The two fish, trashfish, have conspired to kill
the marlin but he evades.
They hypothesize he fell out of a motorway fish truck,
that human exhibitionists travel the country – Albion –
decapitating them for pussies.
They guess he invaded their homes via bad luck.
They were punished, they enjoy suffering.
One day the marlin will die, beating his tail and fin
and beating up water ground – washed up.
They want his neck split open by a discarded apple peeler
rushing over the notches of rapids.
A grasshopper would tear at his splayed throat muscles,
and ash would cover him.
Cigarette ash powdered out by a lesbian,
and you can only smoke by the stream so police
can’t find you in the woodland.
Then the fish will be rewarded,
gratified on a lake of beer.
On rubbing themselves erotically over snapped, windblown boughs.
And shooting out a trail of creamy fisheggs
with fish spunk.
A boy, a nice boy, will scoop them in a boot
and keep them together, in his home.
They will see the household tank, facing out
on a shelf beside books and acne cream and a vacuum
filled with ashes.
Their water will be purified – blue like lobsters un-smelted.
And it will be their tired, post-marlin Keeping up with the Joneses.
In a proto-humankind home.
At first it will be a futurist dream.
The kind scrawled on a beermat, Lon-don, fervent.

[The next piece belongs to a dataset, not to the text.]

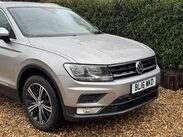 Volkswagen Tiguan 2.0 Tiguan SE Nav TDI BlueMotion Technology 4Motion 4WD 5dr 3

But later it will be a microscopic bathtub,
like what they pen orcas or dwarfs in.
A shit bottle of life.
Hurting, unrefined.
Spraying fish piss onto each other.
Of course, in the last, they will crave the marlin instead.
They will ask God for the piss of the ravenous, boyish
marlin instead.

Tempest Miller is a writer from the UK. His work has appeared in Swamp Pink, JAKE, Bruiser, A Thin Slice of Anxiety and Revolution John.